The records
== Segment start ==
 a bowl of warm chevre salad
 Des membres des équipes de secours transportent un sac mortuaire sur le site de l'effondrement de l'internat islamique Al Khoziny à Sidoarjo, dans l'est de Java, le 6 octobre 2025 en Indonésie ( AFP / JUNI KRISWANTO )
== Segment end ==
== Segment start ==
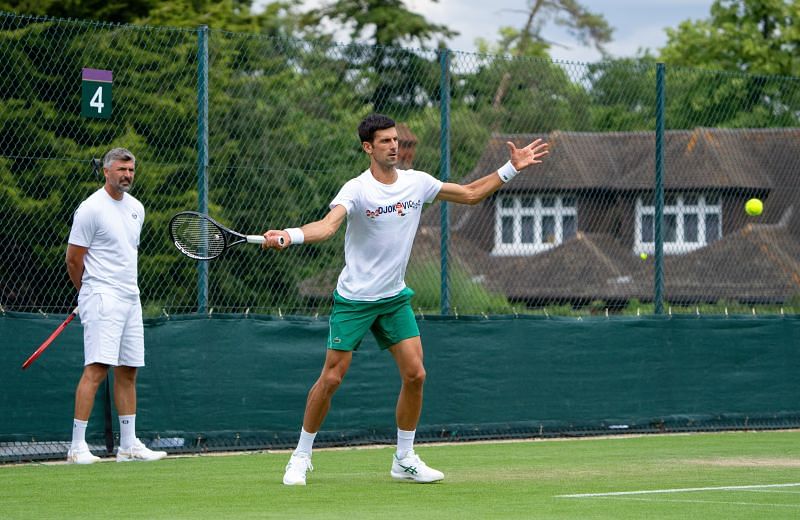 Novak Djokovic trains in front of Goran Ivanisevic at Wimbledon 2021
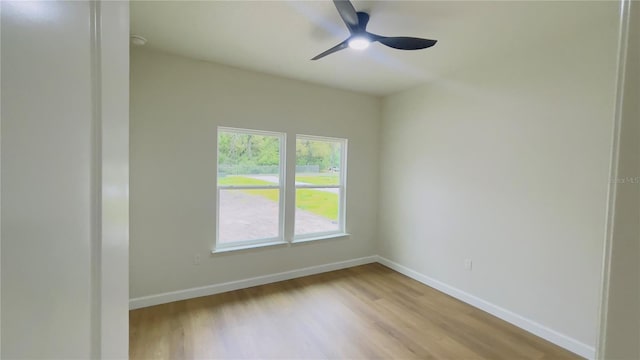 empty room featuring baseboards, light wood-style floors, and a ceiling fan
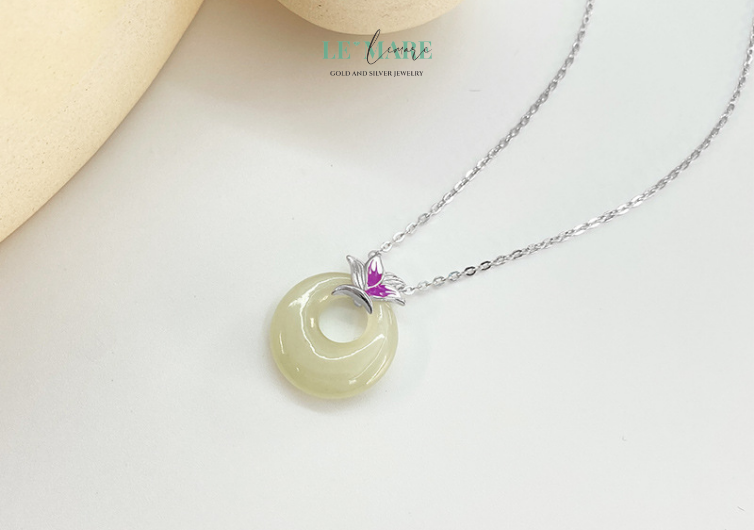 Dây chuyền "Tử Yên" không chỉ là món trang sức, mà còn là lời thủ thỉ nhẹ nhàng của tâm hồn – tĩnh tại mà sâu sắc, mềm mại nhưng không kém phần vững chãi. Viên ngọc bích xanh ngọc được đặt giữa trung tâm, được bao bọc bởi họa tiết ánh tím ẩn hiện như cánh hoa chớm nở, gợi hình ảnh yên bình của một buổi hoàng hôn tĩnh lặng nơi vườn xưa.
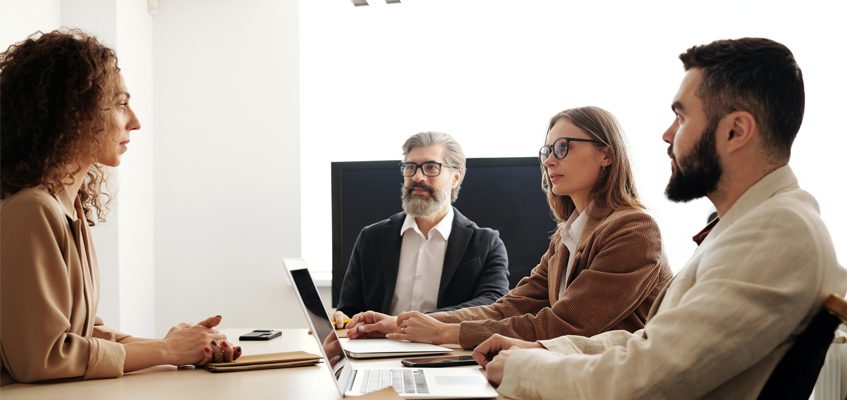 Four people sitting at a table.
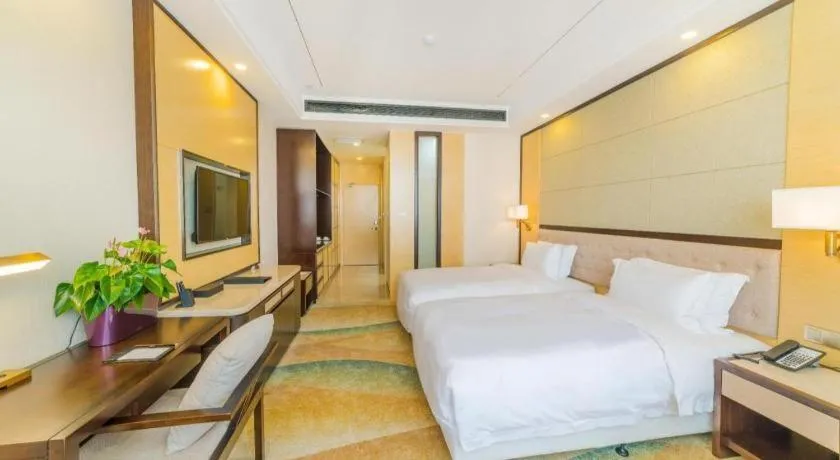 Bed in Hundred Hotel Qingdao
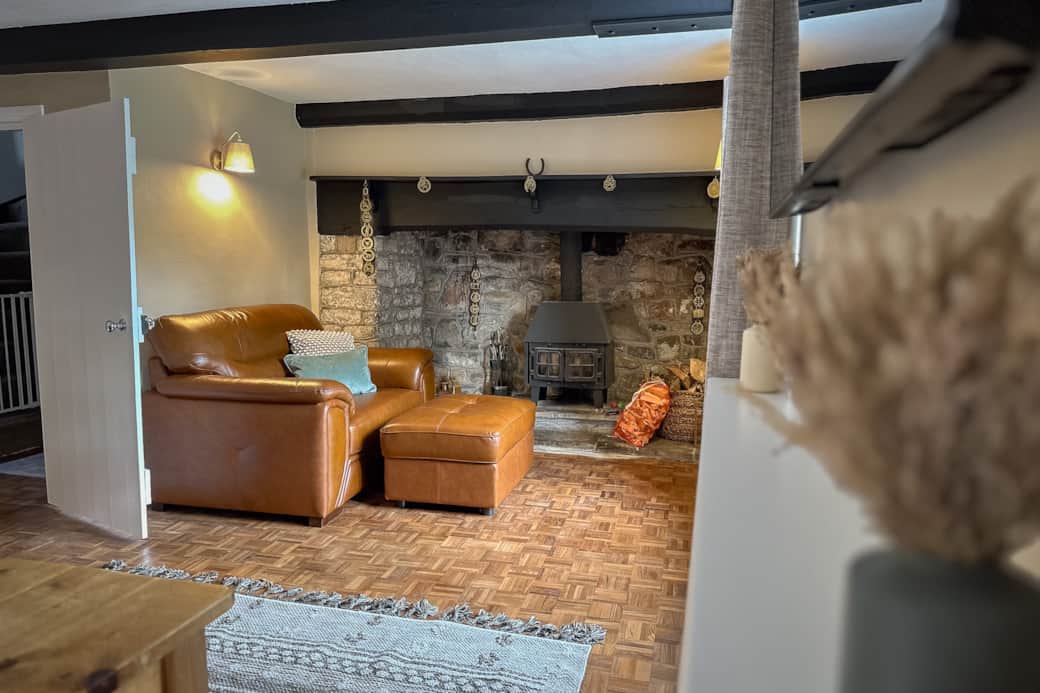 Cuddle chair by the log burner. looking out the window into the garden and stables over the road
== Segment end ==
Task to complete
Beginning with the line containing "a bowl of warm chevre salad" in the material above, copy every line exactly until you have copied the line containing "Des membres des".

Task result
 a bowl of warm chevre salad
 Des membres des équipes de secours transportent un sac mortuaire sur le site de l'effondrement de l'internat islamique Al Khoziny à Sidoarjo, dans l'est de Java, le 6 octobre 2025 en Indonésie ( AFP / JUNI KRISWANTO )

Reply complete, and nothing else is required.